··· Supplied material ···

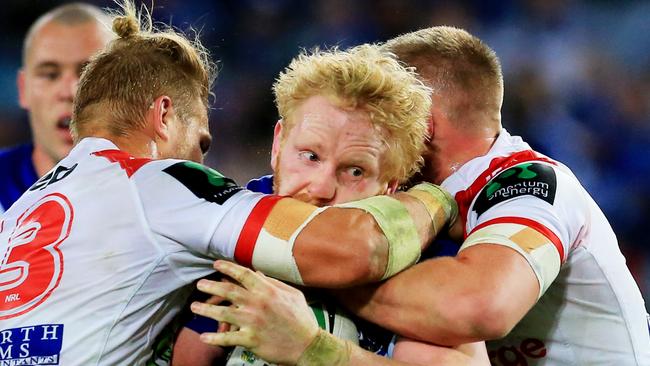 James Graham of the Bulldogs tackled during the Canterbury Bulldogs v St George Illawarra Dragons round 21 NRL game at ANZ Stadium, Sydney Olympic Park. pic Mark Evans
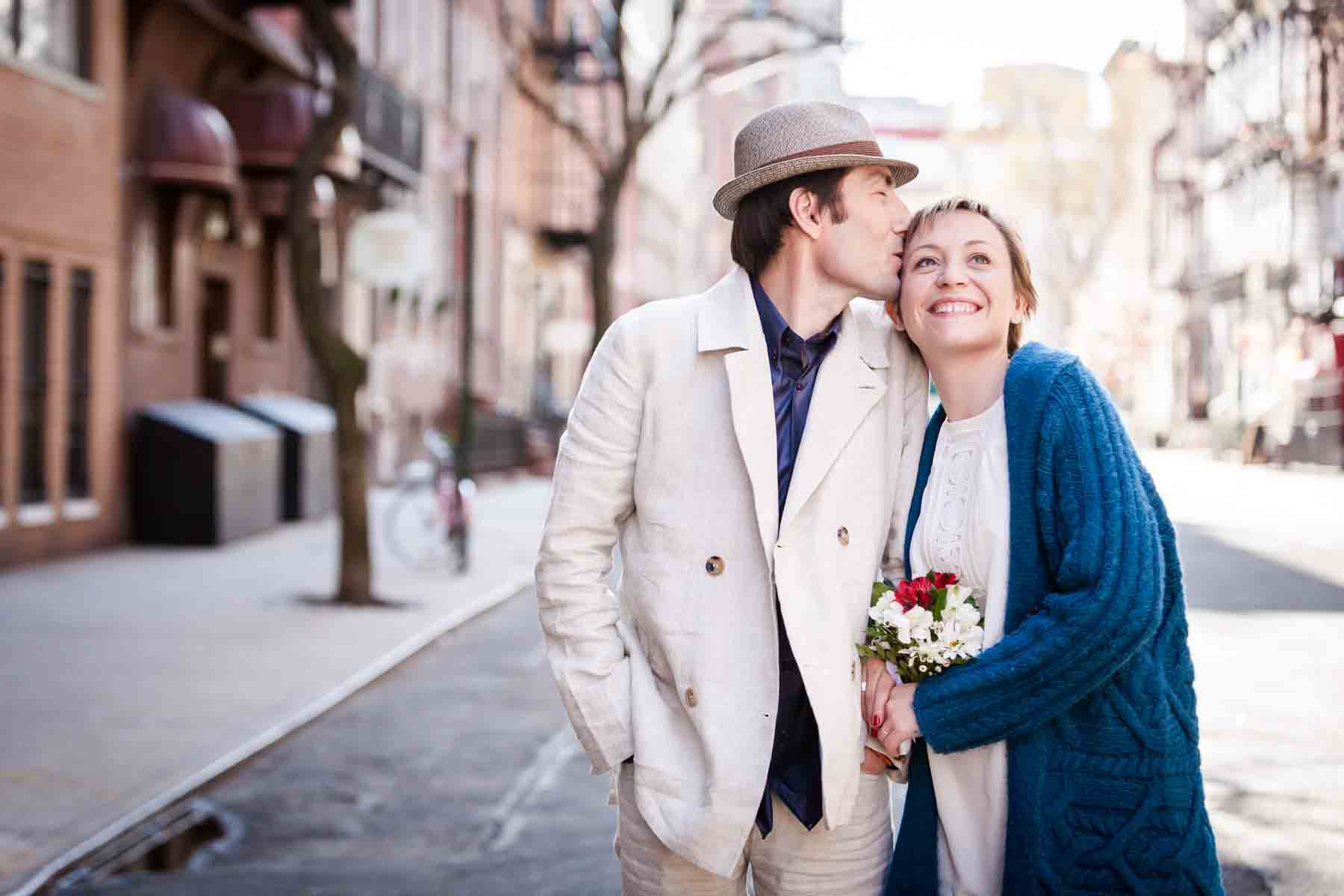 Man kissing woman on side of head while walking down street for an article entitled, ‘Are Couples Still Getting Married?’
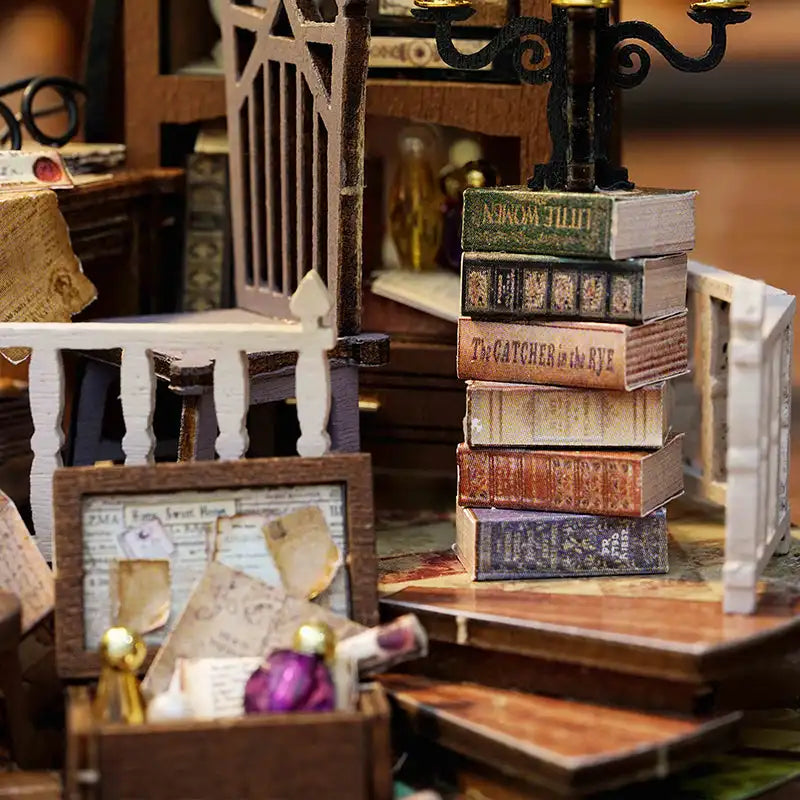 Chambre de maison de poupée miniature avec un livre ouvert, de petits meubles et de minuscules objets décoratifs.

···

▶ _About this task_
I need the lines from the line containing "Man kissing woman" through the final line of the listing duplicated exactly, both ends included, with no pictures and nothing else.

▶ _Answer for this exercise_
 Man kissing woman on side of head while walking down street for an article entitled, ‘Are Couples Still Getting Married?’
 Chambre de maison de poupée miniature avec un livre ouvert, de petits meubles et de minuscules objets décoratifs.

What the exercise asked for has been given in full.